- **Task details**: Up to and including the line with "Hi, I'm Katie", restate every line of the records below word for word, from the first line on, leaving out the pictures.

- **Available data**:

---

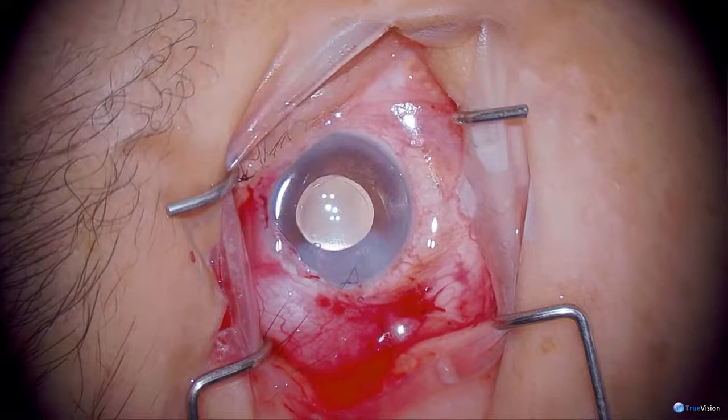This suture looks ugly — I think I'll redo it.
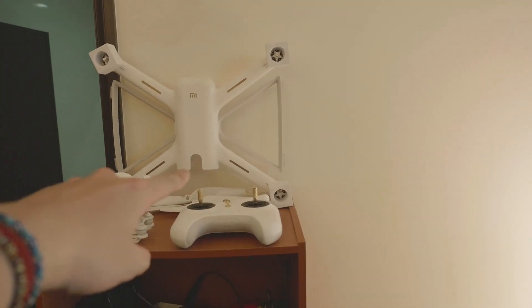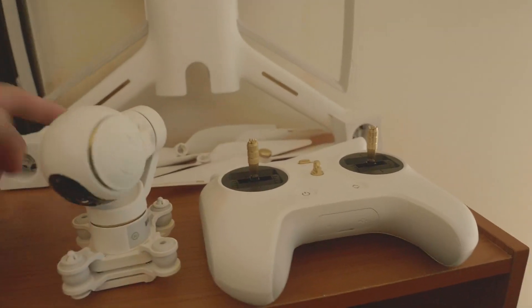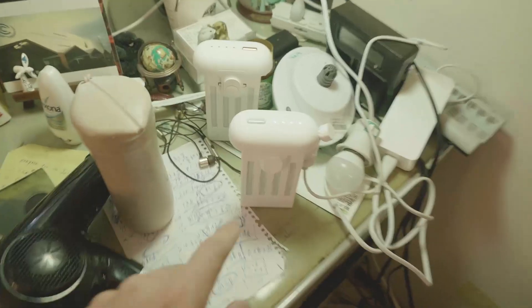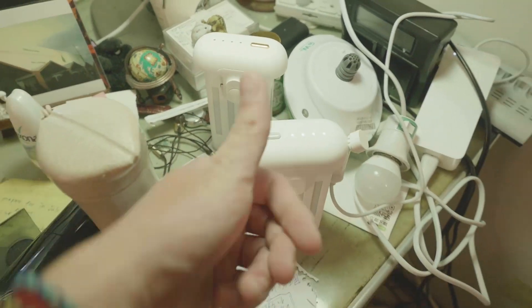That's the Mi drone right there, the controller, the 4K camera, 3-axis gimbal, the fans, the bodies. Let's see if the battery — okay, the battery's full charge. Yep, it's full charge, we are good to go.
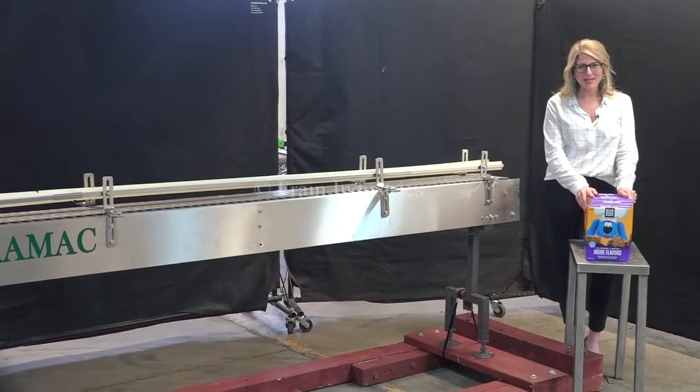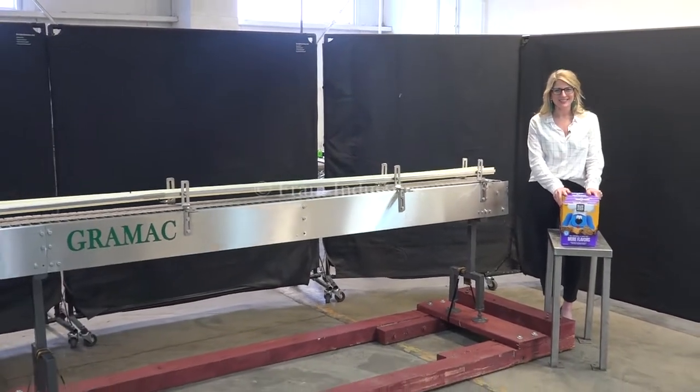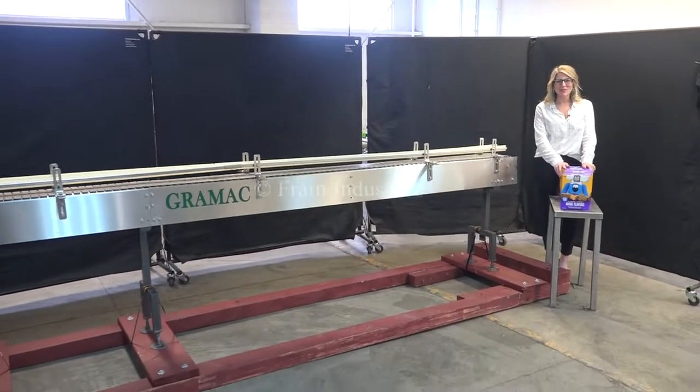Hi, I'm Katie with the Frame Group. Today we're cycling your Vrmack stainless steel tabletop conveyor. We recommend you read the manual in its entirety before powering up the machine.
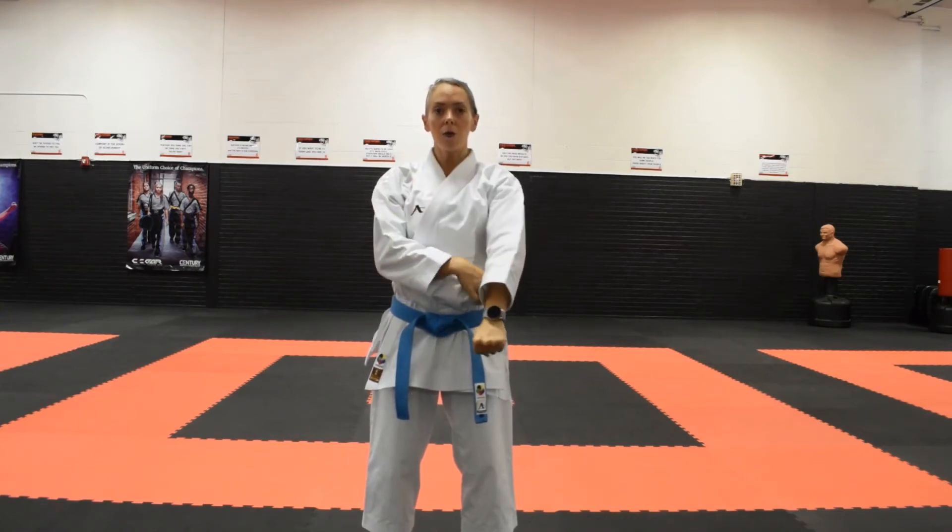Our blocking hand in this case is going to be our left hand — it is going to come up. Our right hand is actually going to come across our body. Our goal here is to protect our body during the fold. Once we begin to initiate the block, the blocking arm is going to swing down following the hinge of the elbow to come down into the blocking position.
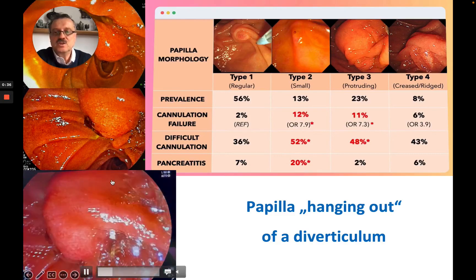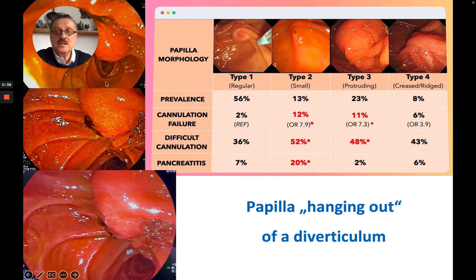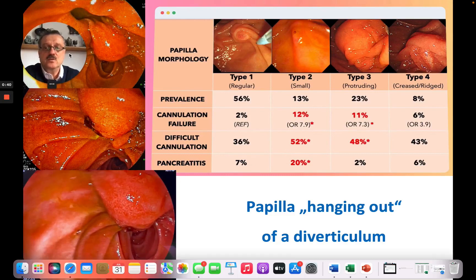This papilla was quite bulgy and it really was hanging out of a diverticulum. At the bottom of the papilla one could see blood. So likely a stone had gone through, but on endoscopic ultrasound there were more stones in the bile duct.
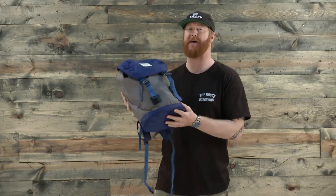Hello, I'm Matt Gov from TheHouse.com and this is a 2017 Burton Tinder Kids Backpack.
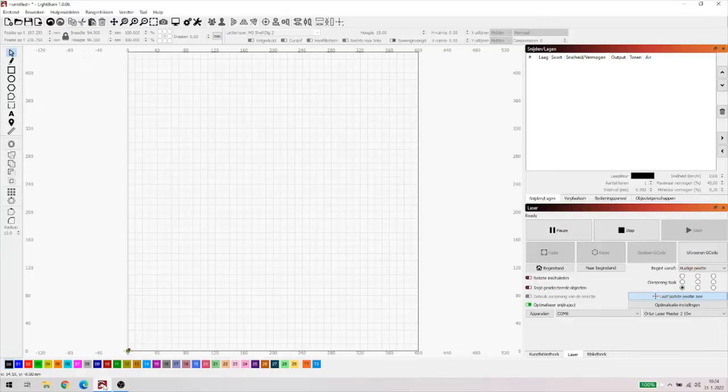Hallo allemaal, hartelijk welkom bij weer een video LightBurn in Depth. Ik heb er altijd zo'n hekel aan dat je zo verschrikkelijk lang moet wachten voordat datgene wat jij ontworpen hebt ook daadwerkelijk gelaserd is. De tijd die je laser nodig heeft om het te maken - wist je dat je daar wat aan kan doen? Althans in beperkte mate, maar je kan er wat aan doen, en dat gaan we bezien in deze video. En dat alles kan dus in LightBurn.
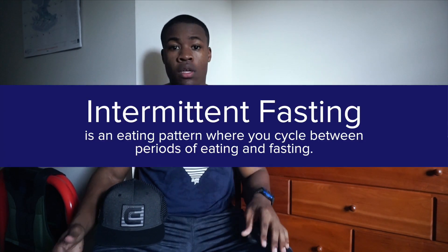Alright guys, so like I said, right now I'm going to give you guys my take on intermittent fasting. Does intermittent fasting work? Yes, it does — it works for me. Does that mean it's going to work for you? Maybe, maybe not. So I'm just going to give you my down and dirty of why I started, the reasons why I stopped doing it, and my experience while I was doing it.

---

- **Expected output**:
This suture looks ugly — I think I'll redo it.
That's the Mi drone right there, the controller, the 4K camera, 3-axis gimbal, the fans, the bodies. Let's see if the battery — okay, the battery's full charge. Yep, it's full charge, we are good to go.
Hi, I'm Katie with the Frame Group. Today we're cycling your Vrmack stainless steel tabletop conveyor. We recommend you read the manual in its entirety before powering up the machine.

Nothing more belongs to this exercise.